Пленник волчьей стаи - Юрий Пшонкин
Шрифт:
Интервал:
Закладка:
И все же не сразу удалось Атувье поохотиться на медведя.
В страну чаучу пришло самое желанное время, в страну чаучу пришли светлые ночи. Даже в полночь Тынаку могла шить одежду.
К реке пришло много медведей — из далеких морей в родные реки возвращались чавыча и нерка. Рыба стремилась в верховья рек на нерест. Весело стало на реке. Медведи приходили к перекатам, к заводям, в которых отдыхали серебристые с темными спинами рыбины. Стоя в воде, мишки зорко следили за ними. Едва рыбина оказывалась рядом, как медведь ударял лапой по воде, оглушая добычу, и тут же когтями выбрасывал ее на берег.
Атувье любил смотреть, как рыбачат медведи.
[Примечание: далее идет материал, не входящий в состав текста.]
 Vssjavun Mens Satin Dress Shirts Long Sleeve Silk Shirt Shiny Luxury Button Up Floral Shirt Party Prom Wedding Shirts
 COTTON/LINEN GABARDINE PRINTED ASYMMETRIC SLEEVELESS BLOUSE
Совсем как люди рыбачат кайныны: стоят, замерев, добычу караулят, ничего вокруг не видят. Удачливые рыболовы, да часто без улова остаются. Возле мохнатого добытчика всегда чайки да вороны мельтешат. Сначала, когда кайнын только входит в воду и замирает в ожидании подхода рыбин, птицы держатся в отдалении. Будто им никакого дела нет до рыболова. Но стоит ему поймать рыбину- другую, как нахальные птицы начинают потихоньку, вразвалочку, подходить все ближе и ближе к тому месту, куда кайнын рыбу бросает. Идут, а сами с рыбака глаз не сводят. Но лохматый рыбак так увлечен, что не глядит на берег, на улов. Вот еще рыбка! Взмах когтистой лапы, шлепок — и еще одна рыбина плюхается на гальку, на траву. Окровавленная добыча с выпученными от боли глазами жадно хватает ртом воздух, судорожно извивается. Однако не долго мучается — подбегают чайки или вороны и тяжелыми клювами долбят беднягу... Начинается птичий пир! Забитых рыбин птицы раздирают на куски, волокут подальше от медведя.
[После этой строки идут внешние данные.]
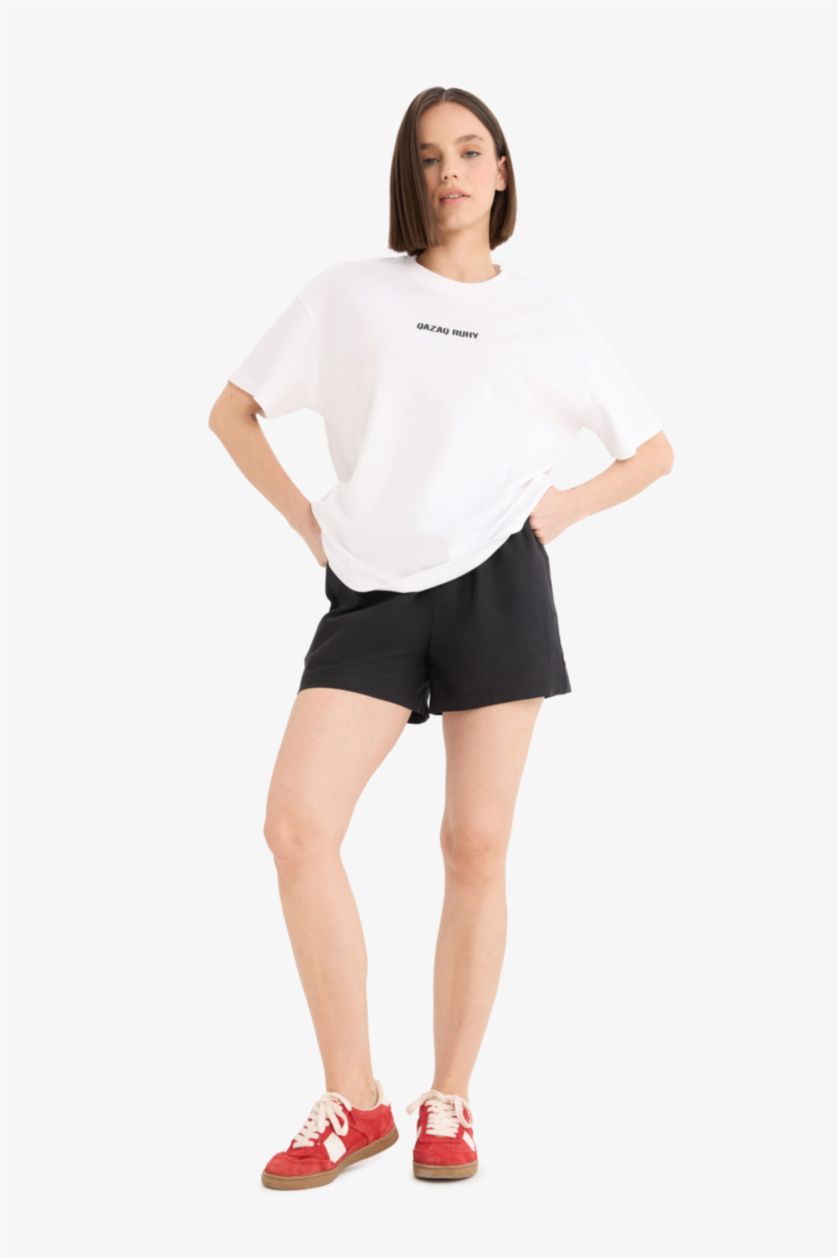 نساء أسود شورت قصة عادية بخصر عادي من مزيج الكتان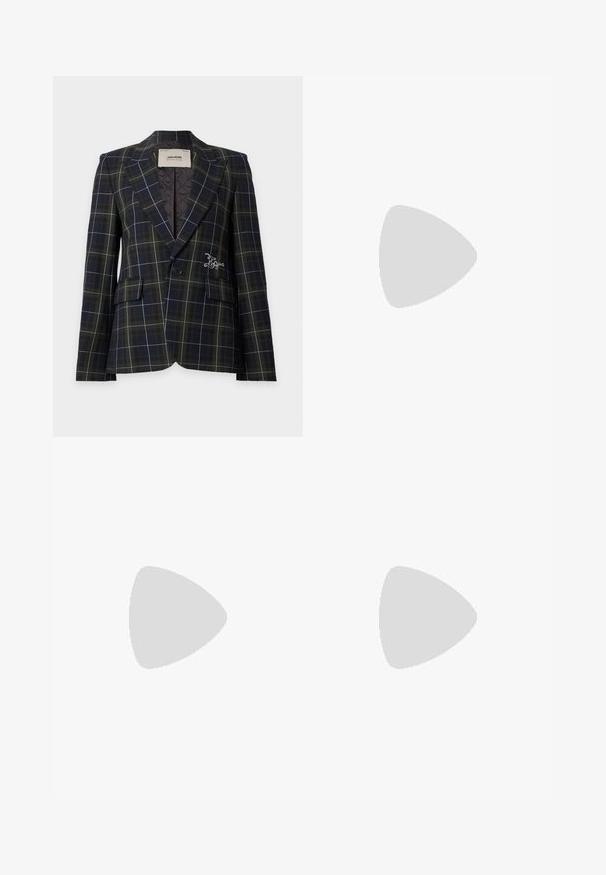 Mørk ternet blazer med hvide og grønne linjer, enkelt knap, to klaplommer og lille broderet "ZV" logo på frontens højre side.; Hvid ærmeløs bluse med blomsterbroderi, rund halsudskæring og snore foran. Bølgeformet kant og detaljerede syninger.; Brune ternede bukser med vide ben, høj talje og sidepaneldetalje, vist fladt på en hvid baggrund.; Sorte læder loafers med rundt tå, sløjfe-dekoration og tekstureret gummisål. Let hævet blokhæle for ekstra højde og stabilitet.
А медведь, совсем как человек, вошедший в рыбацкий азарт от удачи, сначала ничего не замечает, не обращает внимания на птичий гам. Почуяв неладное, обернется, и, увидев, что улов пропал, мохнатый рыбак, совсем как обворованный человек, начинает ругаться: ревет от гнева и досады. И на своем медвежьем языке громко проклинает нахальных воришек. «Хо-рр, о-о-р-р»,—разносится по реке. Но воровать рыбу птицы осмеливаются только у одиноких мишек-рыбаков. Когда же к реке выходит матуха с медвежатами-погодками, чайки и вороны держатся поодаль от грозной семейки. Во-первых, на пойманную матерью рыбину набрасывались медвежата, а во- вторых, матухи-рыбачки не такие беззаботные, как доверчивые самцы. Едва какая-нибудь из самых смелых птиц подходила близко к медвежатам, в надежде поживиться хоть чем-нибудь, как сторожкая лохматая мамаша издавала такой предупреждающий рев, что перепуганная воровка срывалась с берега и улетала подальше.
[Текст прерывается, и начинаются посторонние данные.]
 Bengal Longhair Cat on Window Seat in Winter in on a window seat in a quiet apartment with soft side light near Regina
Интересно смотреть, как рыбачат медведи, но и самому Атувье надо было ловить рыбу: длинные дни становились короче. Однако чавычину крючком не выловишь — сеть нужна, а ее сплести надо. Из чего? Береговые и оленные люди раньше плели сети из крапивных нитей. Крапивы много, да только долгое это дело — наготовить из нее веревок, чтобы сплести даже небольшую сеть. Год-два делала семья крапивную сетку. Правда, Тынаку уже рвала кусачую траву, сушила ее на вешалах небольшого юкольника, который успел построить Атувье. Нет, чавычу ему пока нечем ловить. Надо ждать подхода кеты и горбуши. В урожайные годы ее так много идет на нерест, что рыбьи стада могут против течения гнать бат с человеком. Кета и горбуша — самая доступная рыба. Ее шестом, с железным крюком на конце, надергать можно много, а на мелководье, на перекатах, и одними руками наловишь.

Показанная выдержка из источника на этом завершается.